Get off the patent thing you Marxists. So they think they invented something of worth they want to protect. That’s a crime? Go form a socialist state if you’re so up in arms about businesses protecting their ideas and investments.
Quit crying about shit that doesn’t even matter and evaluate the software on its own merits…
Communists ?
Yes of course ! Aven’t you yet realized that the the only kind of communism that ever worked on earth is the open-source.
Can’t you see either that you have built your own software on top of a first rate communist web framewok ?
Yes, you got Rails free of charge, with no strings attached. And it DOES contain quite a few genuinely patentable stokes of genius.
However good your idea, however brilliant your implemention your agressive patent stance has already sunk you PR-wise.
You might be able mend some of your self-inflicted damage by visiting there : http://www.patent-commons.org/
Jonathan and Dylan congrats on your launch, while I agree the consumer experience with return policies and shopping cart trust are potential issues, they are solvable. What I love is the disruptive nature of your product and the potential it brings to online shopping.
haha. go patent the iframe. good night, and good luck.
While I agree that the “patent pending” on the entry page is a bit annoying, I think your idea and execution of that idea is outstanding.

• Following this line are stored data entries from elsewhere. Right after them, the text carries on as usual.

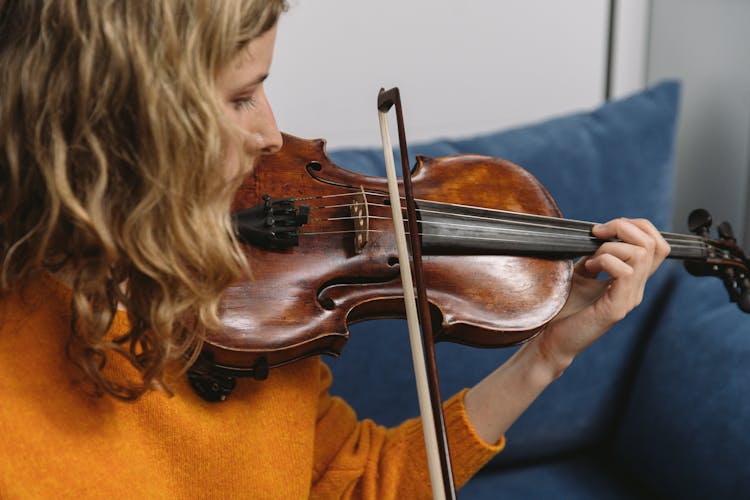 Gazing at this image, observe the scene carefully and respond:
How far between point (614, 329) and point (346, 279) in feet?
2.05

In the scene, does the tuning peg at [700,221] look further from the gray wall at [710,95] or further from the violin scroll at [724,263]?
the gray wall at [710,95]

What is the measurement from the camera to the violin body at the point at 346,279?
2.35 ft

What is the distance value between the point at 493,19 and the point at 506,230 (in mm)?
835

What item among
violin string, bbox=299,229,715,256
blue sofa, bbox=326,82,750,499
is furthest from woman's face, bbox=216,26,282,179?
blue sofa, bbox=326,82,750,499

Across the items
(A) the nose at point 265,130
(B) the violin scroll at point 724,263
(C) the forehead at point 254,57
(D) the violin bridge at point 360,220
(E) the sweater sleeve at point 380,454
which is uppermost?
(C) the forehead at point 254,57

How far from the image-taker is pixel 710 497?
1.08 metres

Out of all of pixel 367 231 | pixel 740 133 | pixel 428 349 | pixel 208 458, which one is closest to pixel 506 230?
pixel 367 231

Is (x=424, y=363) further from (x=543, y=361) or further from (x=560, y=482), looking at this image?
(x=560, y=482)

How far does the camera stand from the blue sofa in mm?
1106

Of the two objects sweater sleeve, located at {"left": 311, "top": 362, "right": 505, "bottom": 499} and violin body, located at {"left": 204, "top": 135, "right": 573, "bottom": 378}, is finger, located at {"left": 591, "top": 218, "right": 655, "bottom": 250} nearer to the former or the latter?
violin body, located at {"left": 204, "top": 135, "right": 573, "bottom": 378}

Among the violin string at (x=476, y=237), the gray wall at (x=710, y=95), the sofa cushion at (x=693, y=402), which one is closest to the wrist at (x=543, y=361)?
the violin string at (x=476, y=237)

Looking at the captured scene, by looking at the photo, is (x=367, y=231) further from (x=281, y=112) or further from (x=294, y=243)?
(x=281, y=112)

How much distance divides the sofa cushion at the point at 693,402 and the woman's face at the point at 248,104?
75 centimetres

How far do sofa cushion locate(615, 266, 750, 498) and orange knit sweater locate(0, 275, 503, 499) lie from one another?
1.29ft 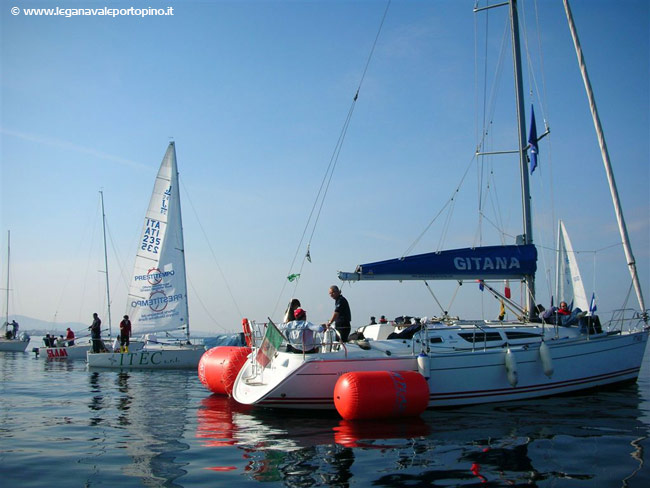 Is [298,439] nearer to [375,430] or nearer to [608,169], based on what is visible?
[375,430]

EXTREMELY well done, guys! I may use your service in the future (might save me from having to create the shopping cart functionality for a site I have in mind).
The screencast is extremely persuasive, too.
heh, I’m glad I got the patent on that whole internet shopping idea. Good one Dave, very forward thinking my man.
Uh, can you like cease and desist, or somethin like that.
No, Really, Stop it.
heh, I’m glad I got the patent on that whole internet shopping idea. Good one Dave, very forward thinking my man.
Uh, can you like cease and desist, or somethin like that.
No, Really, Stop it.
heh, I’m glad I got the patent on that whole internet shopping idea. Good one Dave, very forward thinking my man.
Uh, can you like cease and desist, or somethin like that.
No, Really, Stop it.
nice, triple post. I got the patent on that too. :)
Yea, patents are evil…the Internet should be free, it was created by THE PEOPLE…
Oh yea, it was actually created by the US Military, my bad.
It’s a big Internet world out there – stop bitching about someone who beat you to a good idea and go out and think up a few clever inventions of your own.